Given records:
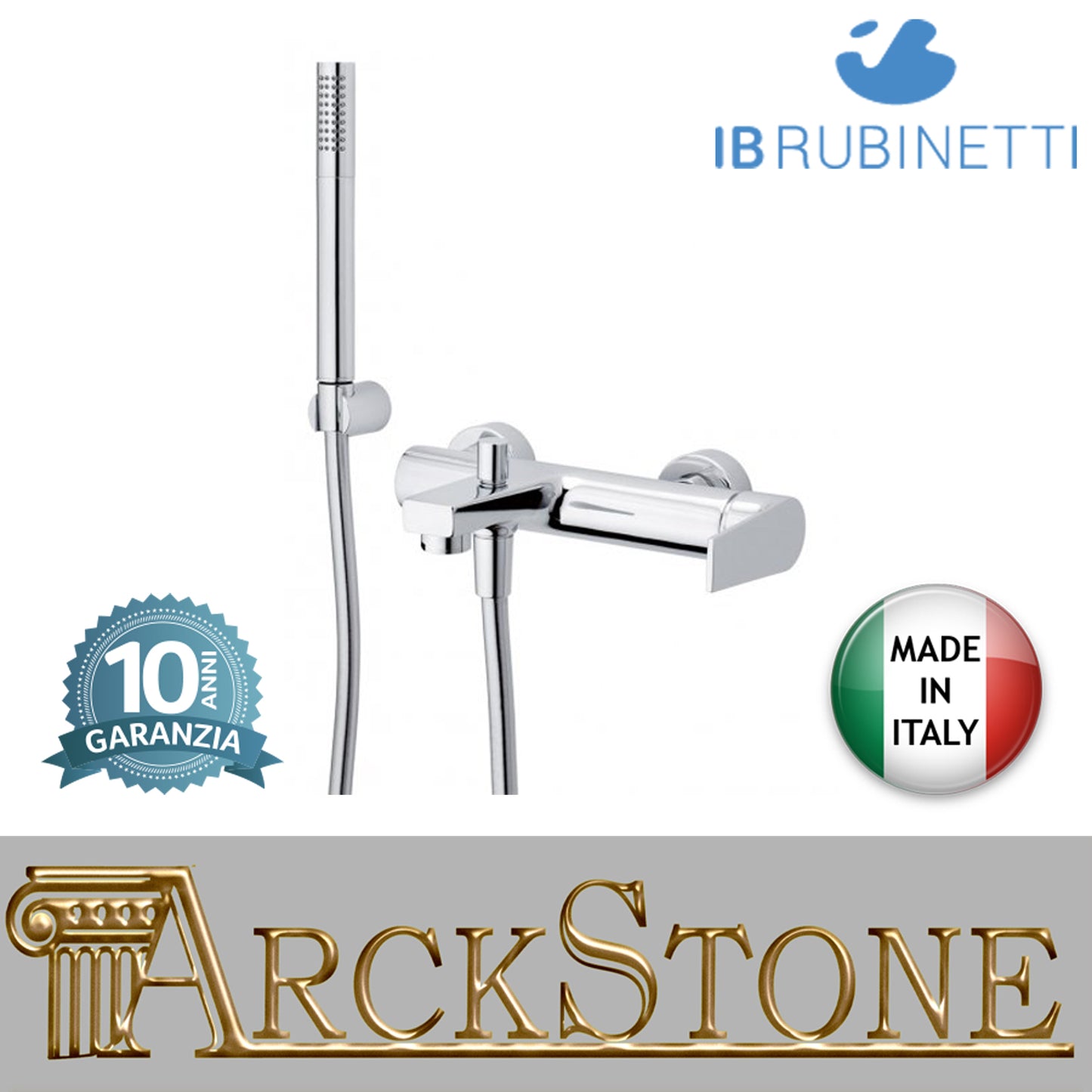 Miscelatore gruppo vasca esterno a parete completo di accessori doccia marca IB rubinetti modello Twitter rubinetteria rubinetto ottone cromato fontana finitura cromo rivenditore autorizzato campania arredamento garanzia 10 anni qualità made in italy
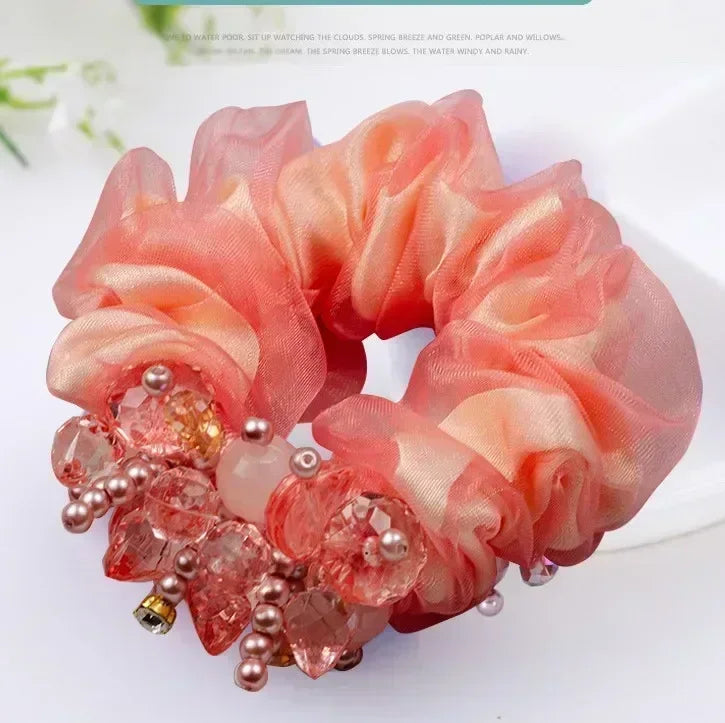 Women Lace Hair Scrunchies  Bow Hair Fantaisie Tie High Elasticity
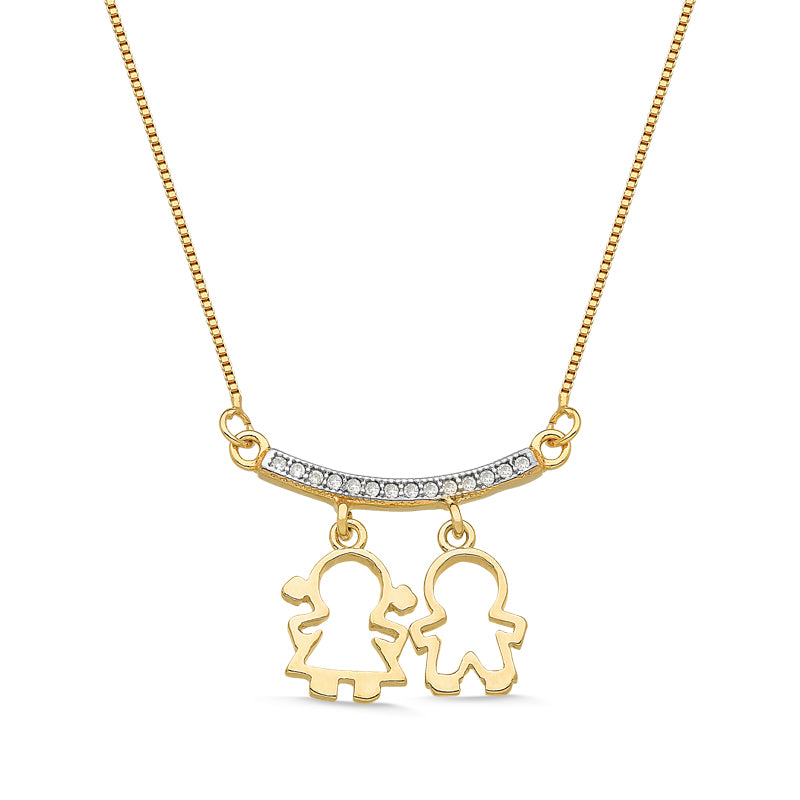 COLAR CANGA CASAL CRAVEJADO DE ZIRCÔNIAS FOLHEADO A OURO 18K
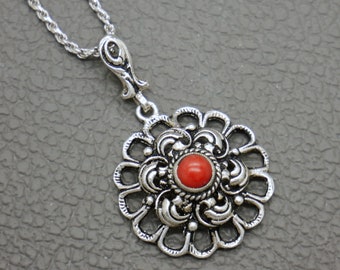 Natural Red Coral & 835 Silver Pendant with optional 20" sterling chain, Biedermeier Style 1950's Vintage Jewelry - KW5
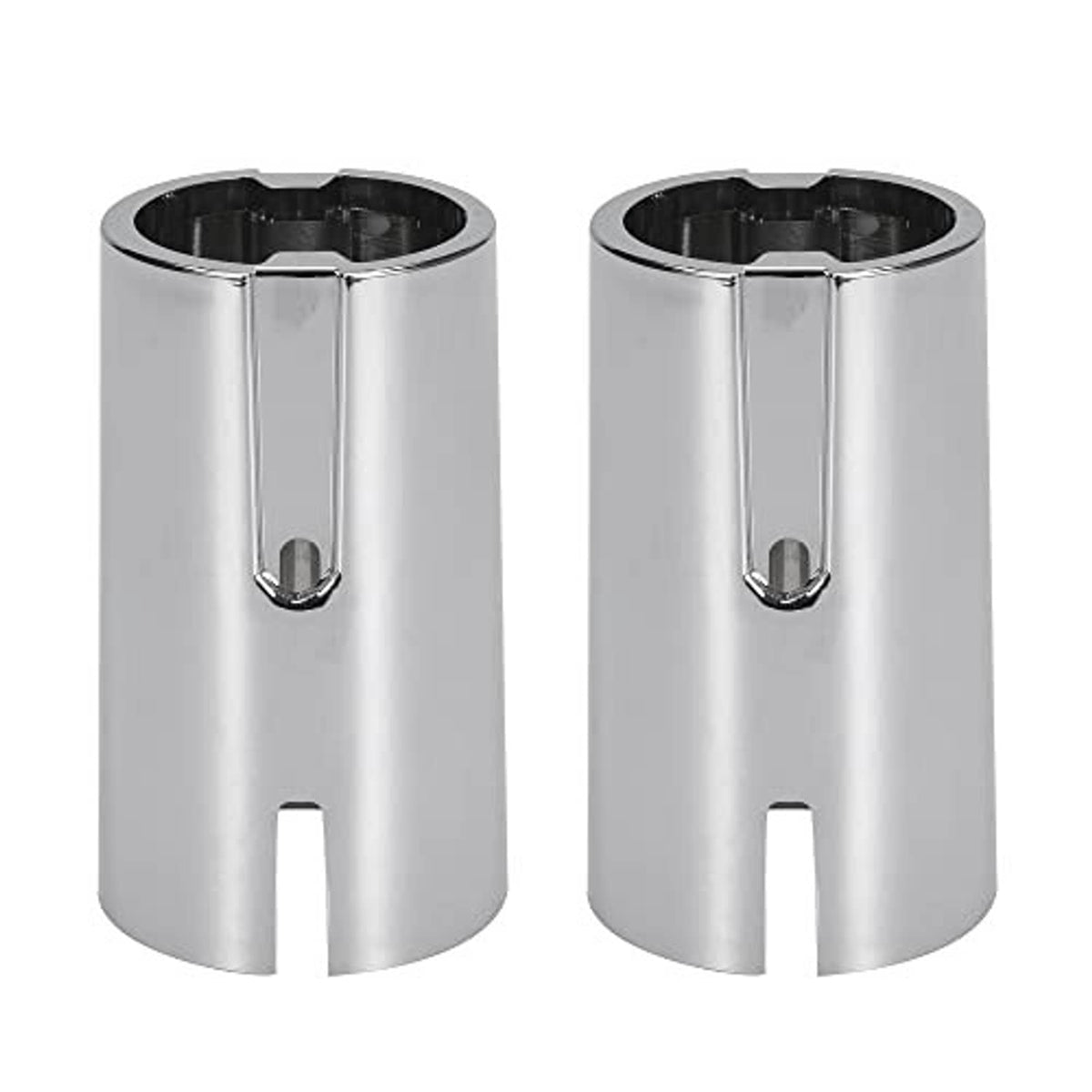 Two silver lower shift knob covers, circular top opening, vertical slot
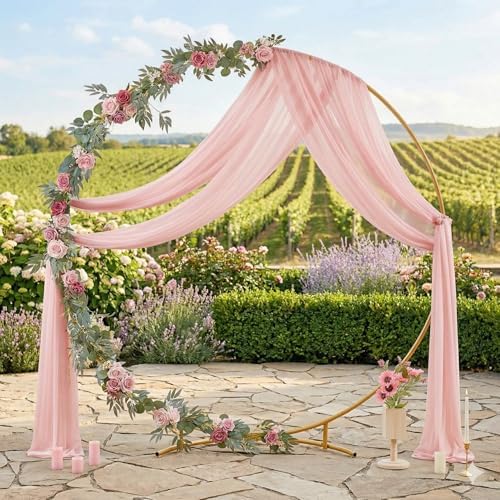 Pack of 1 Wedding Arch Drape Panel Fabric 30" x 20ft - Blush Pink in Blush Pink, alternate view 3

Work item:
Could you retype all the entries exactly, skipping the pictures?

Exercise result:
 Miscelatore gruppo vasca esterno a parete completo di accessori doccia marca IB rubinetti modello Twitter rubinetteria rubinetto ottone cromato fontana finitura cromo rivenditore autorizzato campania arredamento garanzia 10 anni qualità made in italy
 Women Lace Hair Scrunchies  Bow Hair Fantaisie Tie High Elasticity
 COLAR CANGA CASAL CRAVEJADO DE ZIRCÔNIAS FOLHEADO A OURO 18K
 Natural Red Coral & 835 Silver Pendant with optional 20" sterling chain, Biedermeier Style 1950's Vintage Jewelry - KW5
 Two silver lower shift knob covers, circular top opening, vertical slot
 Pack of 1 Wedding Arch Drape Panel Fabric 30" x 20ft - Blush Pink in Blush Pink, alternate view 3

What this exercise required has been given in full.